I could go on and on listing a litany of claims about abilities to diagnose Alzheimer's Disease earlier and better, surely leading the way to better treatments. Some stories already make sensational claims about treatments.

Now read Derek Lowe's important blog post, "Lilly's Gamma Secretase Inhibitor for Alzheimer's: Worse Than Nothing." Excerpts:

"Well, well, well. We finally have solid clinical data from a large trial of a gamma-secretase inhibitor for Alzheimer's disease. And it doesn't work.
...
And now we have the results.


Nothing. Worse than nothing - they saw real declines in cognitive function compared to the placebo group. It's not getting as much play in the news this morning, but it also appears - insult to injury - that the drug was associated with a greater risk of skin cancer. Lilly has halted any development, and told all the study centers to stop dosing immediately. All the patients who received it will be monitored to see how they do over the next few months.

This is about as bad a result as could possibly be obtained, and I think it really has to torpedo the idea of gamma secretase as a drug target. Unless someone comes up with a very compelling and intricate argument to explain these results, I don't see how anyone can risk going down this particular road again. What must they be thinking today over at Bristol-Myers Squibb, where they've been developing a direct competitor, BMS708163?
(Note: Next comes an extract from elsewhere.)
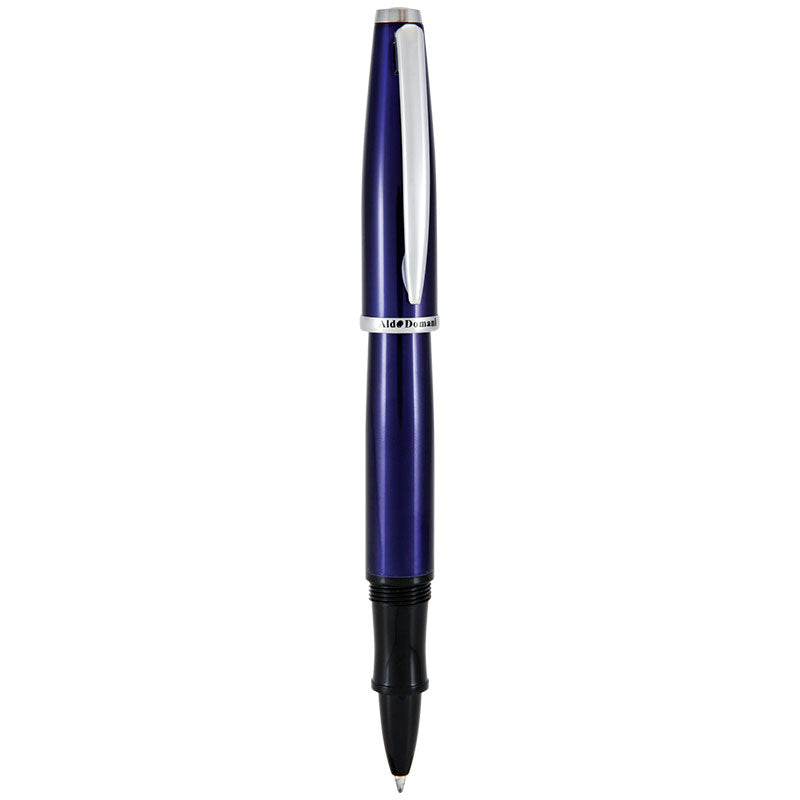 Monteverde USA Aldo Domani Rollerball Pen Blue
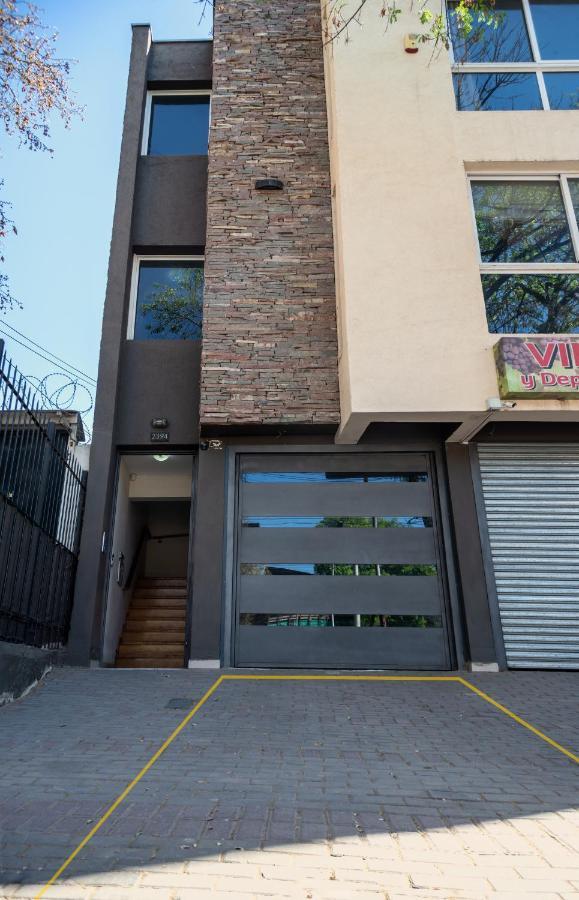 Ferienwohnung Premium Gold Mendoza Exterior foto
And what does this say about the amyloid hypothesis itself? Nothing good. This is the crucial period for the whole idea, with several different approaches finally yielding late-stage clinical data. And it's starting to look as if the whole idea may have been just a terrible diversion."

This is an example of why we react negatively to stories that mention "new pathways to a cure" after a study of just 3 people - as the NYT piece yesterday on Lou Gehrig's Disease did.

This is why we react negatively to Alzheimer's Disease stories that emphasize what scans can show when we don't fully understand what the images and findings mean.

This is why we react negatively to Alzheimer's stories about treatments that hype results from small, preliminary studies.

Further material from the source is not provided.